Wait ...
The Difference Between Standard and Premium SSL Certificates

Posted on January 27, 2019

by Adam Justice

category: Hosting,

An SSL Certificate allows a website to initiate a secure session with browsers so user data that is entered on the website is encrypted before transmission. It changes the protocol from http to https.

For most websites such as blogs it isn’t really necessary, but a standard certificate is recommended for any website that a user enters personal data or creates an account for. Premium extended validation certificates are required for online stores that ask for financial information such as credit card numbers. Virtual terminals for credit card processing require websites have a Premium SSL Certificate if the transaction takes place on site. This is important because directing a customer to a third party website for payment lengthens the sales funnel and affects customer perception.

What Makes a Premium SSL Certificate Better?

The security is functionally the same (usually 256 bit encryption for both certificates), but a Premium certificate requires that a company validate their existence more thoroughly. You will need to confirm your company’s location and phone number by sending the certifying authority a copy of your phone bill with an address, alternatively and sometimes in conjunction with a Professional Opinion Letter written by a lawyer or accountant. The Professional Opinion satisfies most of the requirements for extended validation. The company you purchase your SSL certificate from will have a boilerplate template on file for use. The Thunderbolt Host POL is linked for download below.

The added benefit of a Premium SSL Certificate is that your website address will be appended by a green lock and organization name, ensuring your visitors that your website is authentic and that it represents a real organization.

Capital One Premium SSL Certificate as shown in Google Chrome
Financial websites like Capital One require a Premium SSL Certificate. The company’s official name is shown before the web address, along with the pad lock.

Internet users become more aware of these standards everyday. Browsers have already begun making the lack of an SSL certificate more obvious, and I expect that search engines will either reward websites with an extended SSL certificate or penalize websites without encryption in the future.

A website without an SSL certificate in Google Chrome
Google Chrome prominently displays the words “Not Secure” before the address of a website that does not have an SSL certificate.

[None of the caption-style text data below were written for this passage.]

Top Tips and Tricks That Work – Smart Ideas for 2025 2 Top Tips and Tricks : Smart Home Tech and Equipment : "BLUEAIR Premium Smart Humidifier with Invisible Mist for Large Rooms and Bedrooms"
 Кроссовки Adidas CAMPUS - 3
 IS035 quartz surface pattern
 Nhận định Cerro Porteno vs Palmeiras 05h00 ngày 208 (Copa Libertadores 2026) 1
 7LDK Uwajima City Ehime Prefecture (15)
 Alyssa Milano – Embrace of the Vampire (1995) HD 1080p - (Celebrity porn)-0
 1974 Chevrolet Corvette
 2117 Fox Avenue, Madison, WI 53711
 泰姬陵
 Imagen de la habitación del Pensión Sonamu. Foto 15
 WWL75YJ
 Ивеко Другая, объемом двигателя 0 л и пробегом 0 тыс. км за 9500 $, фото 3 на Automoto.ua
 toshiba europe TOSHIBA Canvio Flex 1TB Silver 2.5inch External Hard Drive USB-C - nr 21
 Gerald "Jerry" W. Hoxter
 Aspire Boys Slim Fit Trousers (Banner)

If you plan on selling items on your website you will benefit greatly in the long run from purchasing a Premium Extended Validation SSL Certificate and processing payments on site. This may require some business filings with your state, and will definitely require a physical address and Professional Opinion Letter.

If your website represents a company or plans on implementing features that require visitor interaction or sign in, you will need at least a Standard SSL certificate. The standard SSL can be purchased and implemented easily.